(CMR) The following is a re-publication from Cayman News Service on testimony given last week in the sentencing hearing of Sandra Hill. Hill appeared before Justice Chapple on November 26, representing herself and called three live witnesses.
At this time because everything is being twisted by the DPP to fit a certain narrative we have chosen to not report on the hearing at this time but will do so after December 10. However, this article by CNS covers some important points our readers would be interested in as well.
Other media have shared with us “this case keeps us up at night also”. The conversation will be had in the weeks after the trial and any potential appeal that may be forthcoming:
(CNS): The use of ICT legislation to prosecute Sandra Hill, the owner of the Cayman Marl Road website, over a controversial podcast last year about local businessman, Matthew Leslie, worried two MPs who appeared in court last week on her behalf. Chris Saunders (BTW) queried why Hill was in the dock and Leslie wasn’t, given the long-standing allegations that had not been investigated, as he spoke up for Hill at her sentencing hearing.
Both Saunders and Kenneth Bryan (GTC) said they believed that if there was an issue to address it should have been in the civil court and if Leslie felt that the things said about him were untruthful, he should have sued.
In a difficult moment for the court during the trial, as it had rejected the idea that the truth of Hill’s broadcast was not the main issue, Saunders told the judge that a number of his constituents have complained about Leslie’s behaviour over the years. Even an underage female member of his own family had been solicited by the former political candidate.
“It boggles my mind why he has not been prosecuted,” the MP stated, but added this was probably because people don’t trust those tasked with carrying out the investigations.
Saunders said that families were reluctant to go to the police as they believed victims would not be well treated by the justice system. As a result, many had remained silent. Saunders told the judge that there are times when the legal system falls behind justice and people seek the justice elsewhere, for example on Hill’s platform.
While Saunders said he appreciated that Leslie had not been prosecuted for his alleged behaviour, what was worrying his constituents in this case was that the person “who had called it out” was being punished.
The MP said other media in the past would not address these types of issues and things were swept under the rug. But Hill was not afraid to question these things, he said, adding, “I was surprised by the verdict.”
Saunders said he had “thought long and hard” about coming to speak for Hill because of the importance of the separation of powers between politics and the courts. But he made it clear that he was worried about the implications of the case for the media as public figures had to be held to account.

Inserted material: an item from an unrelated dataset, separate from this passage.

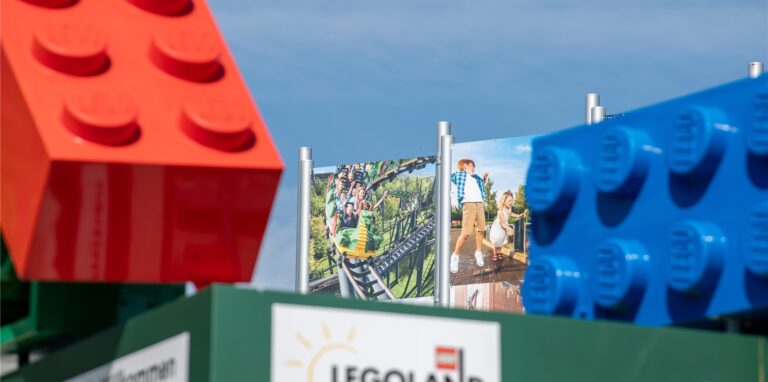 Im Legoland in Günzburg (Bayern) kam es zu einem Unfall mit mehreren Verletzten.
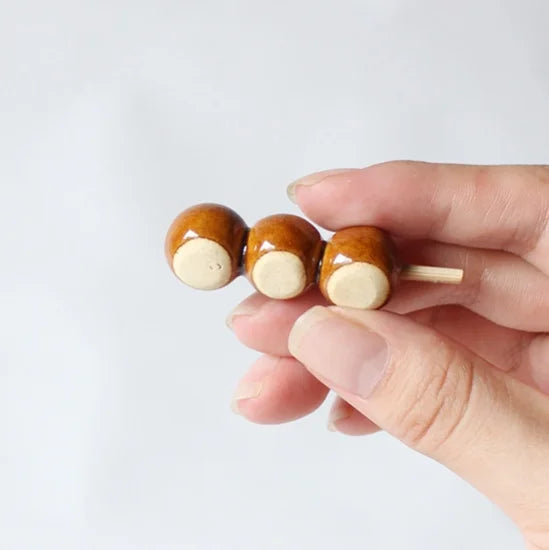 Ihoshiro Soy Dango Chopstick Rest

He said he did not always like what was published by Hill and even he had been a target recently, but he added that it “might be ugly but we need to do it”, as he spoke of the unpleasant things that can be exposed by the media.

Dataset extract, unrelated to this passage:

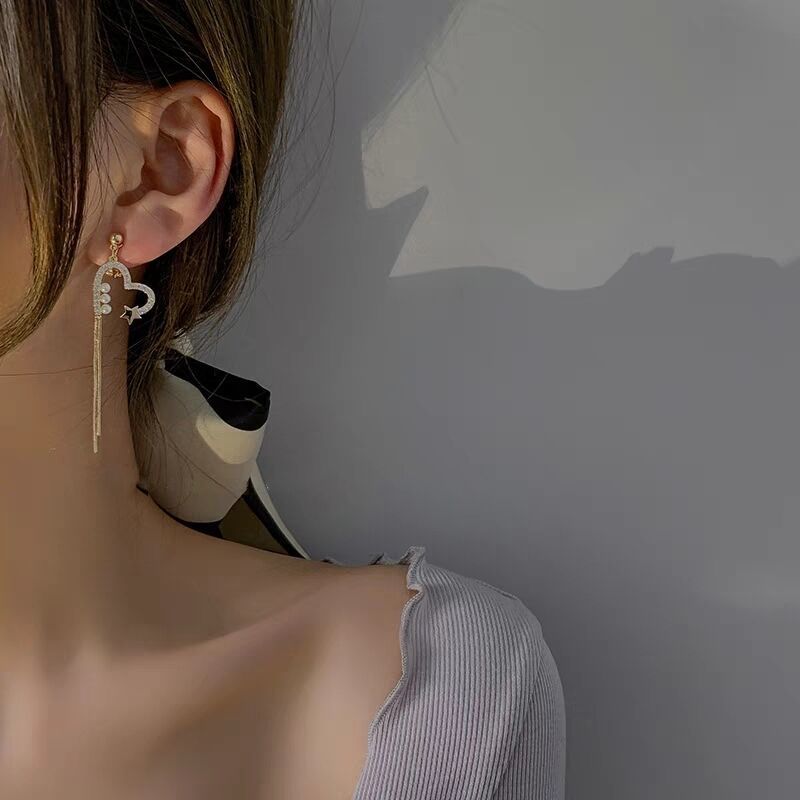 Summer Flower 925 Silver Needle Stud Earrings for Women 2022 New Style Earrings, elegant and high-end, Niche Design sense, Ding Die -008 details Picture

Bryan, who stayed clear of labelling Leslie, was also worried about how Hill had found herself in criminal court. However, he was cut off by the judge when he tried to give evidence that prosecutors appeared to have misused the ICT law in the case against Hill.
He argued that Hill was a reflection of the changing media landscape as a result of social media and that she “should be praised” for what she was doing with the website, not prosecuted, because it was part of the changing times.
Bryan also noted that her role in society is unpleasant because she exposes wrongdoing and holds people to account, especially when it came to taboo subjects that Cayman society had neglected to talk about. “We need that now,” he added. “We do need to challenge the taboo topics in society.”
He said Hill was “pushing boundaries”, implying that not everyone liked that, but he pointed out that this was what the public demanded.
When asked by the prosecutor if they had listened to the whole podcast at the centre of the issue, been present during the trial or read the judge’s ruling, both men said they had not. But when crown counsel Darlene Oko pressed them on whether they believed it had been right for Hill to label Leslie as a sexual predator or paedophile, both MPs pointed out that if the accusations were untrue Leslie should have sued in civil court.